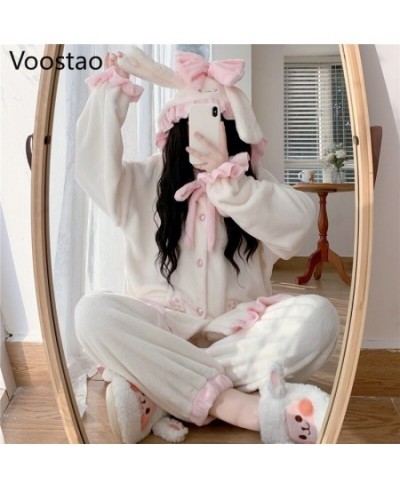 Autumn Winter Women Sweet Lolita Bunny Coral Fleece Pajamas Sets Cute Rabbit Ears Plush Warm Homewear Sleepwear Girls 2PC Set...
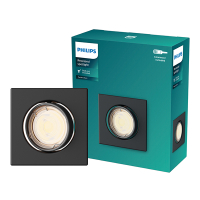 Philips Led inbouwspot | Vierkant | Zwart | Ø 75 mm | GU10 fitting | IP20 LPH04072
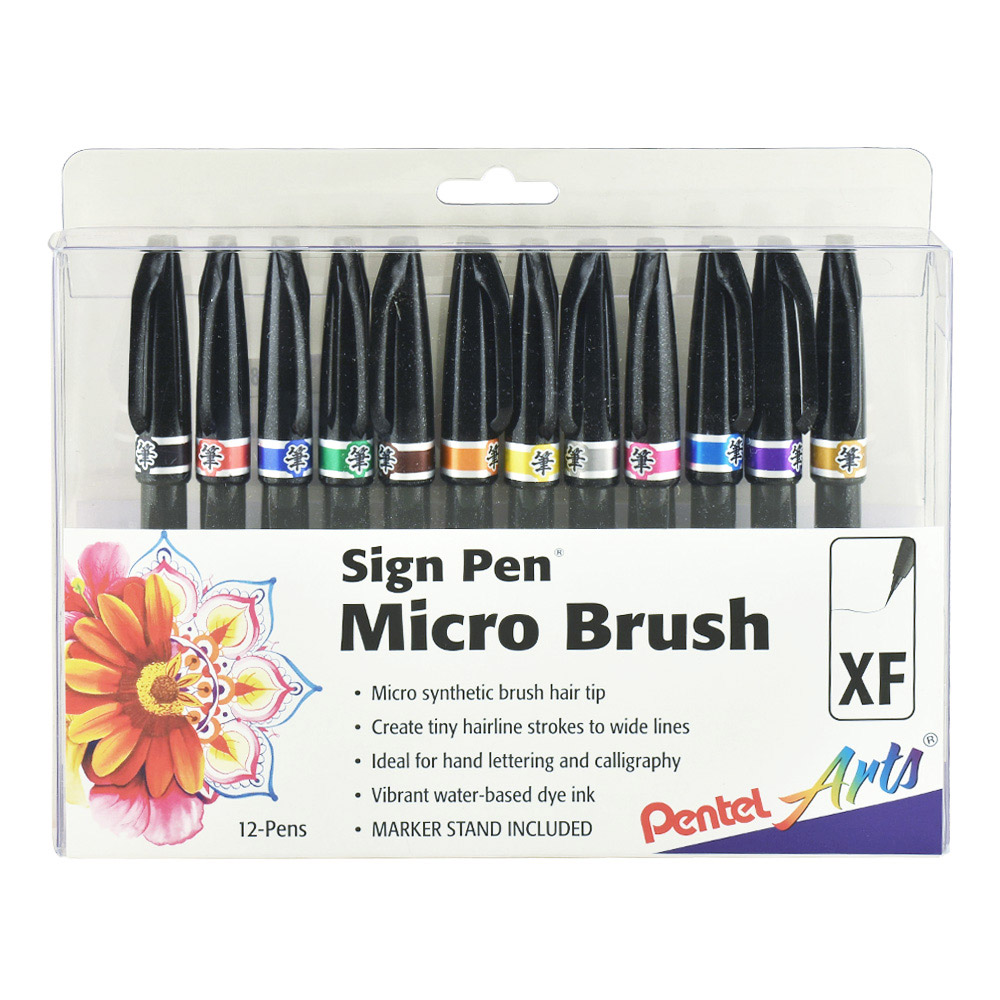Pentel Sign Pen Micro Brush 12 Color Pack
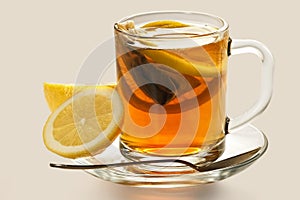 Hot tea with a lemon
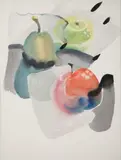 Nature morte aux fruits, 1.2.85 by Jean-Robert Ipoustéguy, Aquarelle et gouache, sold Oct 2023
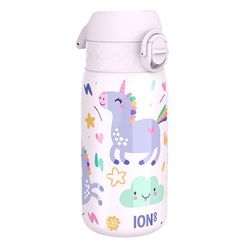 ION8 Geïsoleerde Stalen Waterfles, 320 ml/11 oz, Lekvrij, Makkelijk te Openen, Veilige Sluiting, Vaatwasserbestendig, Draaghandvat, Hygiënische Flip Cover, Reliëfprint, Ontwerp Eenhoorns Drinkfles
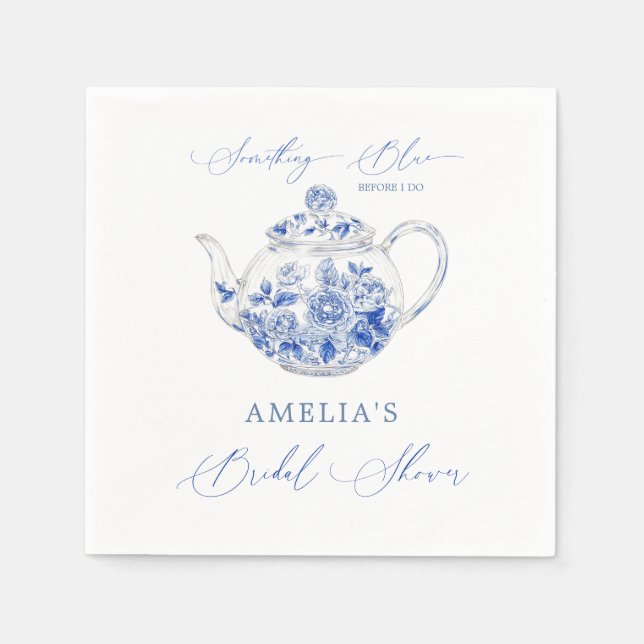 Serviette En Papier Toile de Fête des mariées bleue (Devant)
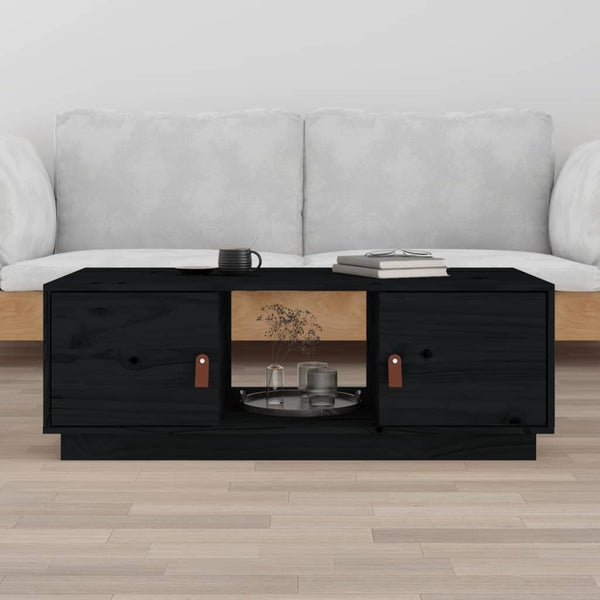Schwarzer Couchtisch 100x50cm Kiefer Massivholz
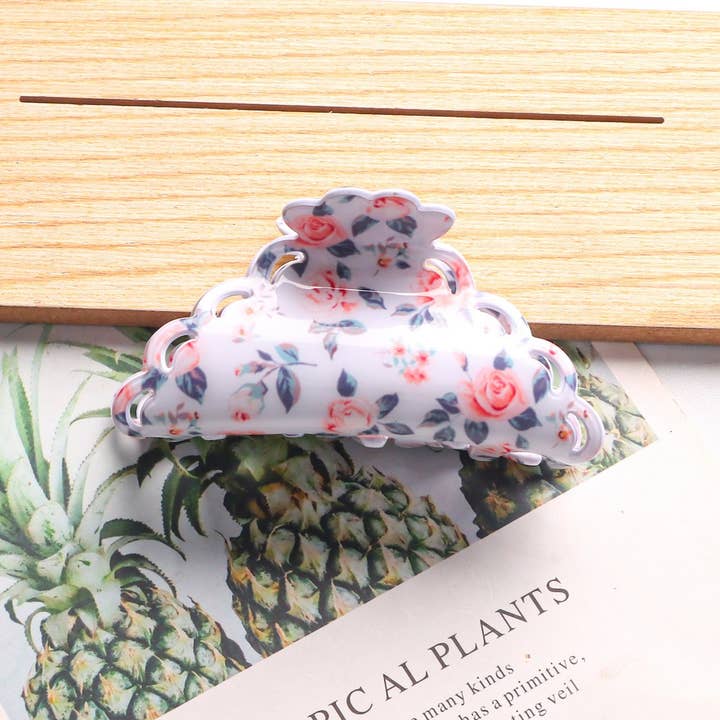 NINEXIS - Wholesale Hair Clip - Women's - CWAHA1419_ACETIC ACID PLANT FLOWERS IRREGULAR HAIR CLAW CLIP10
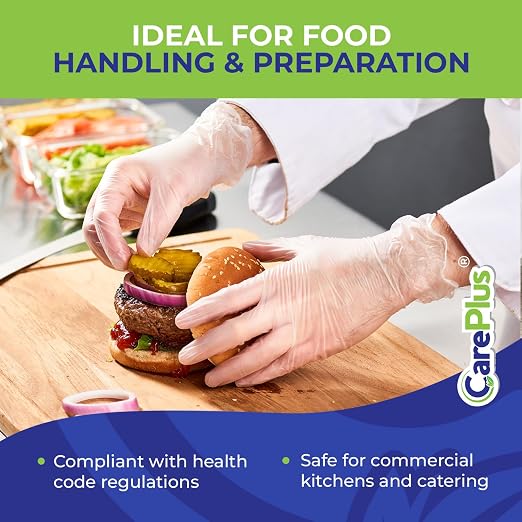 CARE PLUS Vinyl Gloves Clear X-Large, Disposable Latex Free, 200 Count | Powder free exam grade protection for food service, salons & housekeeping; ambidextrous, tear resistant, comfortable fit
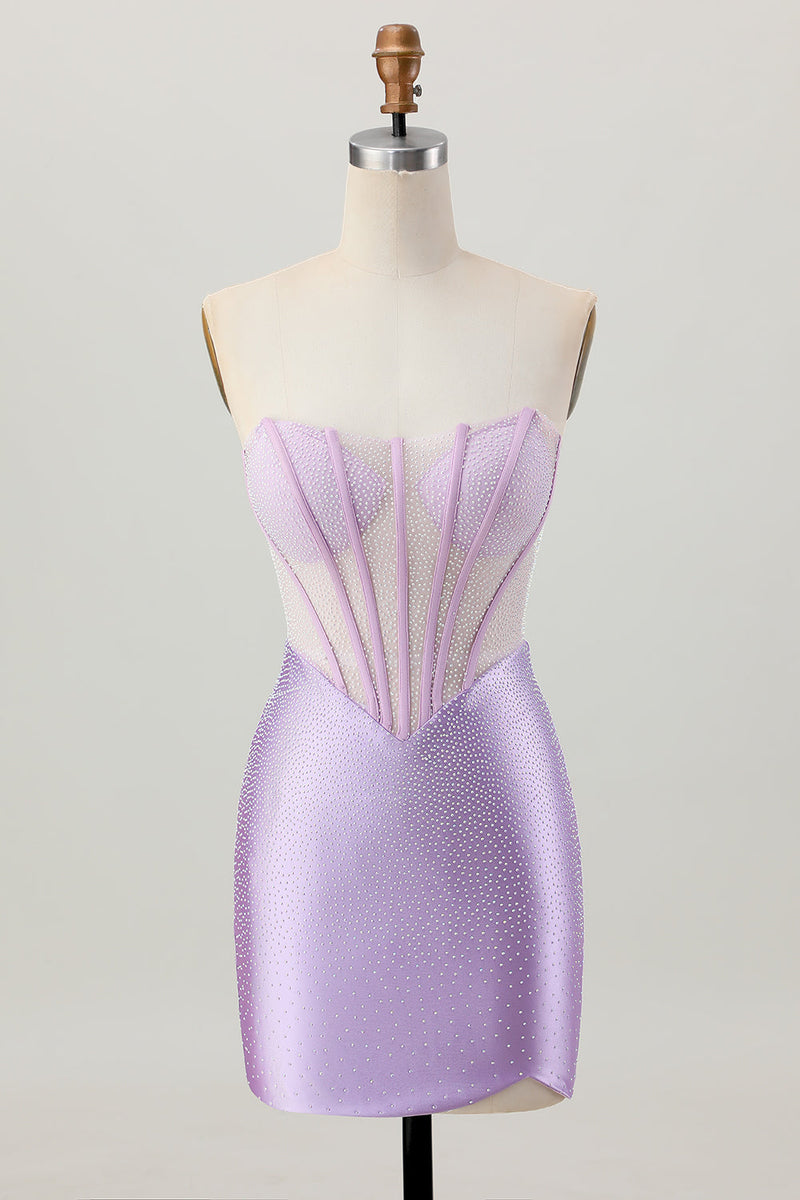 Load image into Gallery viewer, Sparkly Lilac Strapless Short Corset Prom Dress with Beading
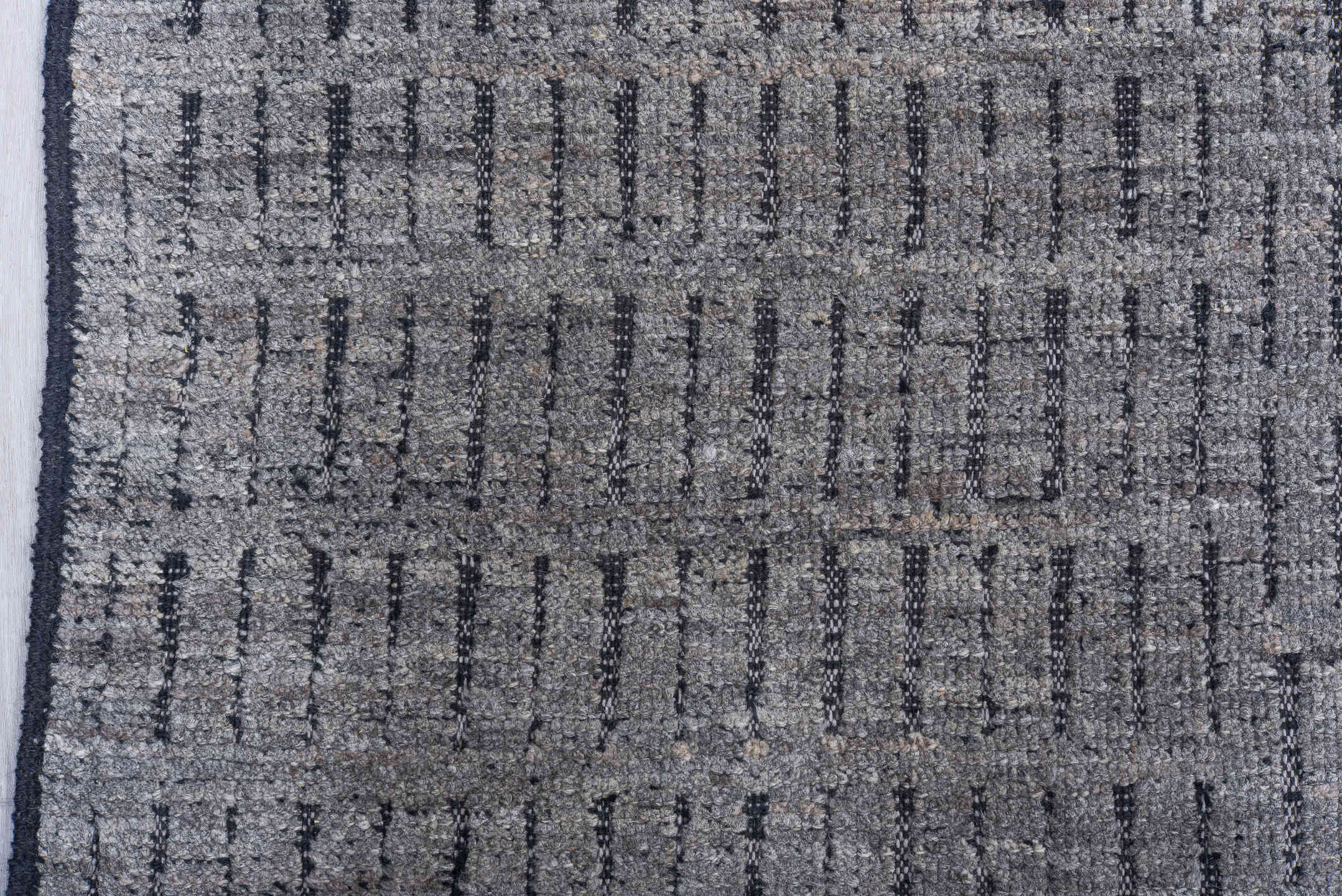 9' x 12' one-of-a-kind handmade vintage Tulu large size rug. Color palette: gray, charcoal, ivory, black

* _INSTRUCTIONS FOR THE TASK_: Pictures in the entries do not go into the copy. Print only the lines starting at the one containing "Philips Led inbouwspot" and ending at the one containing "Nature morte aux", exactly as they appear.

* _WRITTEN ANSWER_:
 Philips Led inbouwspot | Vierkant | Zwart | Ø 75 mm | GU10 fitting | IP20 LPH04072
Pentel Sign Pen Micro Brush 12 Color Pack
 Hot tea with a lemon
 Nature morte aux fruits, 1.2.85 by Jean-Robert Ipoustéguy, Aquarelle et gouache, sold Oct 2023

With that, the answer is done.